An “If” statement consists of 2 operands (the operands are the pieces of information that will be compared) and an operator. The operator can be:

  • “is equal to” (=),

  • “is not equal to” (<> or !=),

  • “is greater than” (>),

  • “is greater or equal to” (>=),

  • “is smaller than” (<)

  • “is smaller or equal to” (<=)

  • Starts with

  • Does not Start with

  • Contains

  • Does not contain

  • Ends with

  • Does not End with

  • Is Empty

  • Is not Empty

and it defines how the first operand should relate with the second operand in order for the condition to be met.

An “If” statement may optionally contain an “Else” action. This action should always be placed between an “If” and an “End If” action, and it defines the action or set of actions that will be executed if the condition that is defined by the “If” statement is not met. Basically, you will have to place the actions that will be executed if the condition is met between “If” and “Else”, and the actions that will be executed if the condition is not met between “Else” and “End If”.

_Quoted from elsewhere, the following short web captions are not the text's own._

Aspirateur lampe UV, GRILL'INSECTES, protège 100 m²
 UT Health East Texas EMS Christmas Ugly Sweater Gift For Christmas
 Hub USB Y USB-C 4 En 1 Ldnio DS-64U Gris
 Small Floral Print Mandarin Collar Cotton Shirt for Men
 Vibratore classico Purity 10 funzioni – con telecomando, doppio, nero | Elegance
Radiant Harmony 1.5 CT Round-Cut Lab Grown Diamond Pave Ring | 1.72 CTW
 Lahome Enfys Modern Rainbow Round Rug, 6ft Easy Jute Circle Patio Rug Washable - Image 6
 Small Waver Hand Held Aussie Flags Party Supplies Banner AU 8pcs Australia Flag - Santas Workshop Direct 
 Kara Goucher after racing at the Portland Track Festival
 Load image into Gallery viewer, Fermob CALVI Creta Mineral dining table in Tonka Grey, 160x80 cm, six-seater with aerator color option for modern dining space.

You can also use the "Else If" action (which can be placed within the If/End If block and always before the Else action) to set mutually excluded conditions for which different blocks of actions need to be executed.

Note: If the first and the second operands are variables, you will have to make sure that they have the same data type or the condition will, most likely, not be met (or it will always be met if you used the <> operator). For example, if your conditional checks whether a variable of Date Time type is equal to a variable that contains a file, this condition will never be met, hence the set of actions contained in the conditional will never be executed.